3. The petitioners who resisted the claim of the landlord-respondents denied either the two premises in question were required by them for their respective business or there was any sub-lease as alleged. On the other hand, they contended as the rent in respect of the two premises was being paid out of the fund of petitioner-5 firm, it was petitioner-5 who was the tenant of the premises. They also contended further that the tenancy in respect of the two premises being one and indivisible, the respondents could not seek their eviction separately and the proceedings for eviction as brought by them separately were not maintainable in view of the provisions of Section 109 of the transferred of Property Act.
4. Though the Courts below rejected the claim of the respondents for eviction on the ground mentioned in Clause (f), they allowed their claim under Clause (h), in both the proceedings. The claim of the respondent in CRP 3975/81 was also allowed under Clause (p) of Sub-section (1) of Section, 21 of the Act in HRC No. 23/1980. Being aggrieved, the tenants have come up in these revisions.
5. The respondents have, however, not filed any revision questioning the legality and correctness of rejection of their claim under Clause (f) of Sub-section (1) of Section 21 of the Act.
6. Mr. S. V. Narasimhan, learned Counsel appearing for the petitioners in both the cases, did not seek to dispute that the requirement of the premises by the respondents in both the cases was reasonable and bonafide, obviously because the two brothers, respondents herein, are presently carrying on their business as partners of the firm City Traders in a rented premises belonging to Sri B. S. Lakshminarayana Setty and are facing threat of eviction. In fact their landlord having brought proceedings for eviction had obtained an order of eviction and the revision filed by them in CRP. No. 1651/78 has been dismissed confirming the order of eviction granting time till 30-6-1981 to give vacant possession. It is also not disputed their petition seeking special leave to appeal has been rejected by the Supreme Court finally on 12-4-1982 and the stay granted has since been vacated. In the circumstances, Mr. Narasimhan is justified in not urging the arguments on the grounds of bonafide and reasonable requirement of the landlords-respondents. He confined his arguments on two grounds urged in the revision petitions.

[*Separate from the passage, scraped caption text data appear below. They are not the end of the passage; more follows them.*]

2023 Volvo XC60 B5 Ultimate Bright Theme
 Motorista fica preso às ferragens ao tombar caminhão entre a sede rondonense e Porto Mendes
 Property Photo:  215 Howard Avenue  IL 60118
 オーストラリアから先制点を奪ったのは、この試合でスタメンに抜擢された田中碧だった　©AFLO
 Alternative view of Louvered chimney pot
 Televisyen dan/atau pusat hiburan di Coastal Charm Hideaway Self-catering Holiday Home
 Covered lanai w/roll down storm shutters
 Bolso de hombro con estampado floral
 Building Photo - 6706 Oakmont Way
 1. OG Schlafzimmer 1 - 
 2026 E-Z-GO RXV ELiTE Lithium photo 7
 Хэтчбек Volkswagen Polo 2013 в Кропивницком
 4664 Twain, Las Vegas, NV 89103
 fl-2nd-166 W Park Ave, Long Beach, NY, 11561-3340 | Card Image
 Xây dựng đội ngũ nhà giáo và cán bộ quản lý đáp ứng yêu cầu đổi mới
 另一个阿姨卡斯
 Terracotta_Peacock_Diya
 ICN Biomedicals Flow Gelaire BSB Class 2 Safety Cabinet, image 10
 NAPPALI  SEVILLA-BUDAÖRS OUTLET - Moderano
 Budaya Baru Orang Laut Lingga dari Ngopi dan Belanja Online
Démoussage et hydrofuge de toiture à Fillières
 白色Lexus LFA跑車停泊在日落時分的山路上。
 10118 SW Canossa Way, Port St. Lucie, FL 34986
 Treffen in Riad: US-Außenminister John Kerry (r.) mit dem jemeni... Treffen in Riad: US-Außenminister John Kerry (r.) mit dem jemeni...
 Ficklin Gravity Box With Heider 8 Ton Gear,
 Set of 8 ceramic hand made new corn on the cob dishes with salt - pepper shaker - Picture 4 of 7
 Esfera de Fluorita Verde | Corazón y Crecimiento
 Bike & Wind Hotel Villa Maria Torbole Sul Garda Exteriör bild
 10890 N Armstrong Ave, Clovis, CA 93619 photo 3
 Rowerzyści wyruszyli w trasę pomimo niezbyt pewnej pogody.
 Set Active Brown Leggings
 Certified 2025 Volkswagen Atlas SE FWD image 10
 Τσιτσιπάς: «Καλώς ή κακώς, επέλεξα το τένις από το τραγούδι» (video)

7. Firstly he contended, the contract of tenancy in respect of the two premises being single and indivisible the eviction in respect of one or both in separate proceedings brought by the respondents herein could not be granted. In support of this contention, he strongly placed reliance on the provisions contained in Section 109 of the Transfer of Property Act and the decisions in : AIR1964All350 , Shamboo Dayal v. Chandra Kali, AIR 1979 Calcutta 167, Amar Prasad v. Arun Kumar and : 1SCR536 , Miss S. Sanyal v. Gian Chand. Secondly he contended, the specific plea raised by the petitioners in the objection statement filed by them in reply to the application of the respondents made for eviction is that the sale deeds executed in favour of the respondents were sham and nominal and the Courts below have failed to consider this aspect of the case and as such the orders of eviction passed in both the proceedings were vitiated and deserved to be set aside.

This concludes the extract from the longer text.